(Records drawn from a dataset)

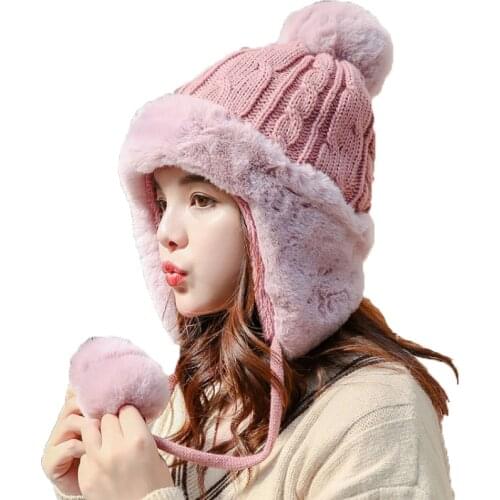 Winter Womens Bomber Hat with Pompom Ponytail Knitted hats Warm Soft Russian Ushanka Thicken Trapper Snow Ski Cap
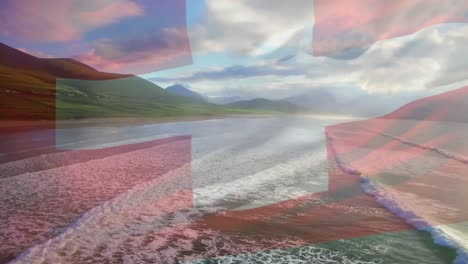 Animation-of-flag-of-switzerland-waving-over-beach-landscape-and-waves-in-sea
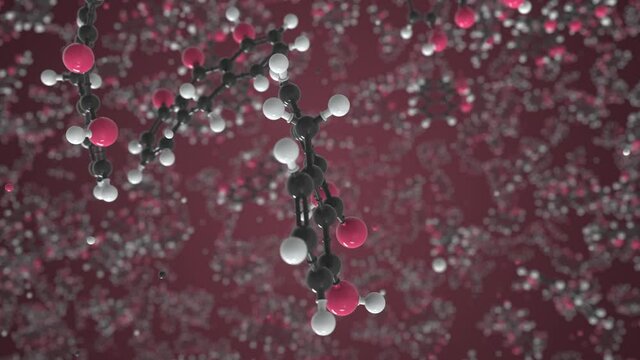 Dithranol molecule made with balls, conceptual molecular model. Chemical looping 3d animation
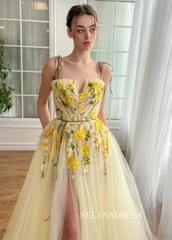 Yellow Spaghetti Straps Long Prom Dress 3D Flower Evening Dress With Slit EWR306|Selinadress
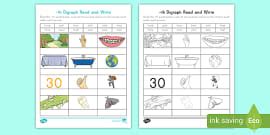 -sh Digraph Read and Write Worksheet (teacher made) - Twinkl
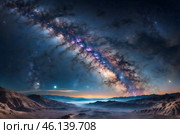Panoramic Milky Way galaxy brimming with shimmering stars, interstellar dust, and boundless cosmic wonder in an awe-inspiring night sky scene. Стоковое AI-изображение, AI-художник Александр Поташев / Фотобанк Лори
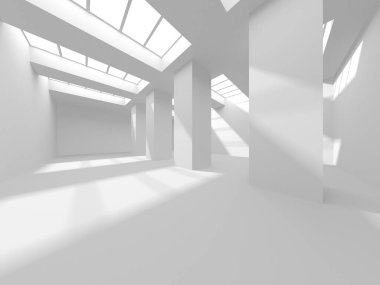 Aydınlatılmış koridor iç tasarımı. Boş Oda İç mimarisi. 3 Boyutlu Hazırlama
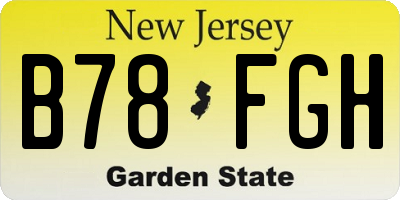 NJ license plate B78FGH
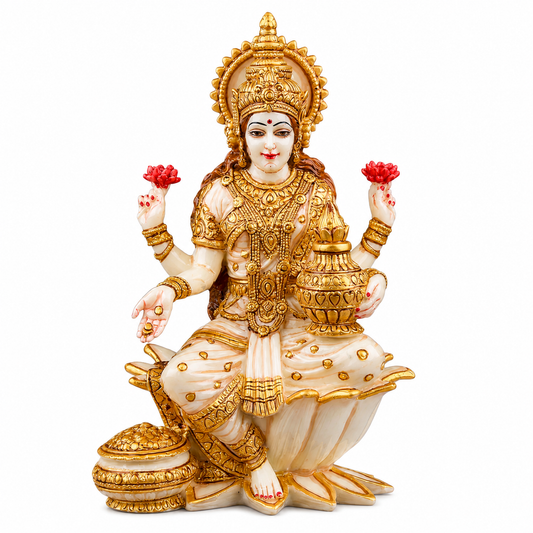 Goddess Lakshmi Idol | Hindu Spiritual Home Decor, Prosperity, Wisdom Murti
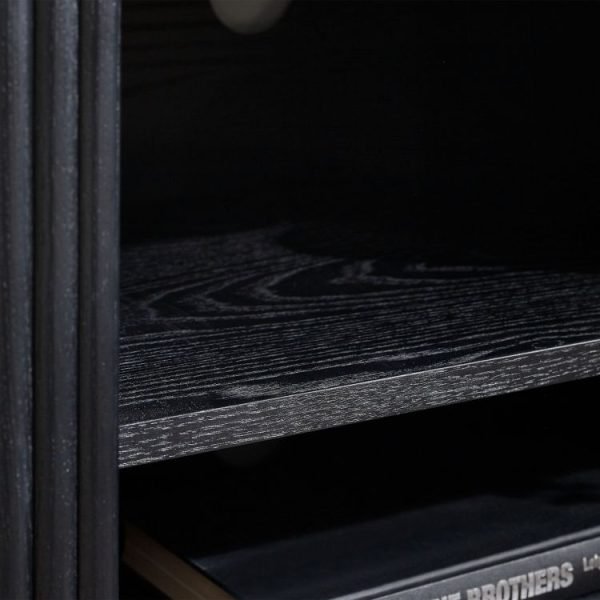 lou louis black fluted tv unit detail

▸ What is being asked: Beginning with the line that has "Goddess Lakshmi Idol", repeat each remaining line of the data above word for word, keeping pictures out.

▸ Task result:
 Goddess Lakshmi Idol | Hindu Spiritual Home Decor, Prosperity, Wisdom Murti
 lou louis black fluted tv unit detail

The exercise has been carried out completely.